Culture, practices and ethics of the press
The British Prime Minister announced a two-part inquiry investigating the role of the press and police in the phone-hacking scandal, on 13 July 2011. Lord Justice Leveson was appointed as Chairman of the Inquiry. The first part will examine the culture, practices and ethics of the media. In particular, Lord Justice Leveson will examine the relationship of the press with the public, police and politicians. He is assisted by a panel of six independent assessors with expertise in key issues being considered by the Inquiry.
The Inquiry has been established under the Inquiries Act 2005 and has the power to summon witnesses. It is expected that a range of witnesses, including newspaper reporters, management, proprietors, police officers and politicians of all parties will give evidence under oath and in public.
It makes recommendations on the future of press regulation and governance consistent with maintaining freedom of the press and ensuring the highest ethical and professional standards. The Leveson Inquiry into the culture, practices and ethics of the press is running in four modules. These are the modules:
- The relationship between the press and the public and looks at phone-hacking and other potentially illegal behaviour.

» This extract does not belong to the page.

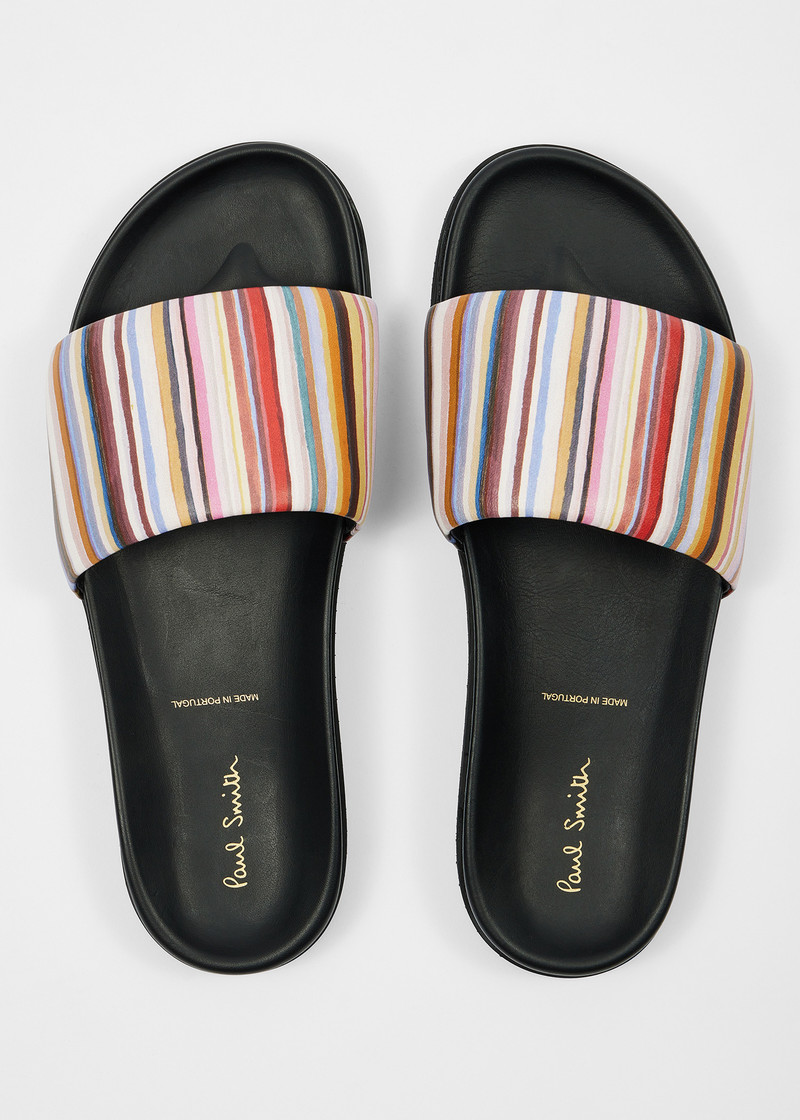 'Painted Signature Stripe' Leather 'Bellagio' Slides 5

- The relationships between the press and police and the extent to which that has operated in the public interest.
- The relationship between press and politicians.

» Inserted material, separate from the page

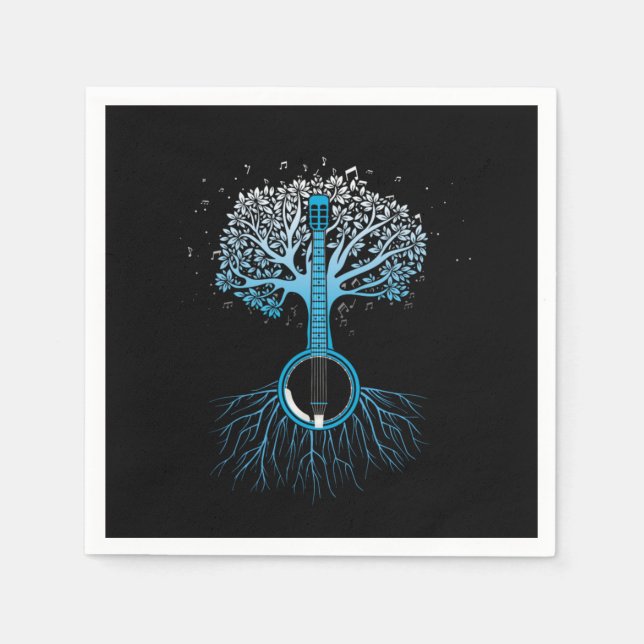 Servilleta De Papel Banjo Tree Country Music Bluegrass Musician Gift (Anverso)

- Recommendations for a more effective policy and regulation that supports the integrity and freedom of the press while encouraging the highest ethical standards.
Lord Justice Leveson opened the hearings on 14 November 2011, saying:
“The press provides an essential check on all aspects of public life. That is why any failure within the media affects all of us. At the heart of this Inquiry, therefore, may be one simple question: who guards the guardians?”